Programming languages already take lots of decisions implicitly and explicitly on one’s behalf. But there are way more details of course, which are then handled by frameworks, libraries, etc. Surely at some point, one has to take a decision? Your underlying point is about avoiding boilerplate, and LLMs definitely help with that already - to a larger extent than cookie cutter repos, but none of them can solve IRL details that are found through rigorous understanding of the problem and exploration via user interviews, business challenges, etc.
But that's the hard part. You have to explore the details to determine if they need to be included or not.
You can't just know right off the back.

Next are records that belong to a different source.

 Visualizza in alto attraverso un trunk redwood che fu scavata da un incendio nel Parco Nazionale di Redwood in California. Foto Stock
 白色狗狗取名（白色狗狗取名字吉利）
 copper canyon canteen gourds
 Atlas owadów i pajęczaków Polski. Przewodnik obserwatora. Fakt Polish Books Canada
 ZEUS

Doing so contradicts the premise. You cannot determine if a detail isn't important unless you get detailed. If you only care about a few grains of sand in a bucket you still have to search through a bucket of sand for those few grains
Right. But that's where tight feedback loop comes into place. New AI developments enable that in at least two ways: offloading busywork and necessary but straightforward work (LLMs can already write and iterate orders of magnitude faster than people), and having a multi-domain expert on call to lean on.

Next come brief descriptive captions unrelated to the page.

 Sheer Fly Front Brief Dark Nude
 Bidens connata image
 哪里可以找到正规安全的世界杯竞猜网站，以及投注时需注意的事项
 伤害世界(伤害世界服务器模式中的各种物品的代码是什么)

The thing about important details is that what ultimately matters is getting them right eventually, not necessarily the first time around. The real cost limiting creative and engineering efforts isn't the one of making a bad choice, but that of undoing it. In software development, AI makes even large-scale rewrites orders of magnitude cheaper than they ever were before, which makes a lot more decisions easily undoable in practice, when before that used to be prohibitively costly. I see that as one major way towards enabling this kind of iterative, detail-light development.
I don't feel like this is an accurate description. My experience is that LLMs have a very large knowledge base but that getting them to go in depth is much more difficult.
But we run into the same problem... how do you evaluate that which you are not qualified to evaluate? It is a grave mistake to conflate "domain expert" with "appears to know more than me". Doesn't matter if it is people or machine, it is a mistake. It's how a lot of conartists work, and we've all seen people who are in high positions and we're all left wondering how in the world they got there.
Weird reasoning... because I agree and this is the exact reason I find LLMs painful to work with. They dump code at you rather than tightening it up, making it clear and elegant. Code is just harder to rebase or simplify when there are more lines. Writing lines has never been and never will be the bottleneck because the old advice still holds true that if you're doing things over and over again, you're doing it wrong. One of the key things that makes programming so amazing is that you can abstract out repetitive tasks, even when there is variation. Repetition and replication only make code harder to debug and harder to "undo bad choices".
Also, in my experience it is even difficult to get LLMs to simplify, even when explicitly instructing them to and pointing them to specific functions and even giving strong hints of what exactly needs to be done. They promptly tell me how smart I am and then fail to do any of that actual abstraction. Code isn't useful when you have the same function written 30 different places and 20 different files. That's way harder to back out of decisions. They're good at giving a rough sketch but it still feels reckless to me to let them actually write into the codebase where they are creating this tech debt.
Fully agree with this. Not all labor is equally worth doing.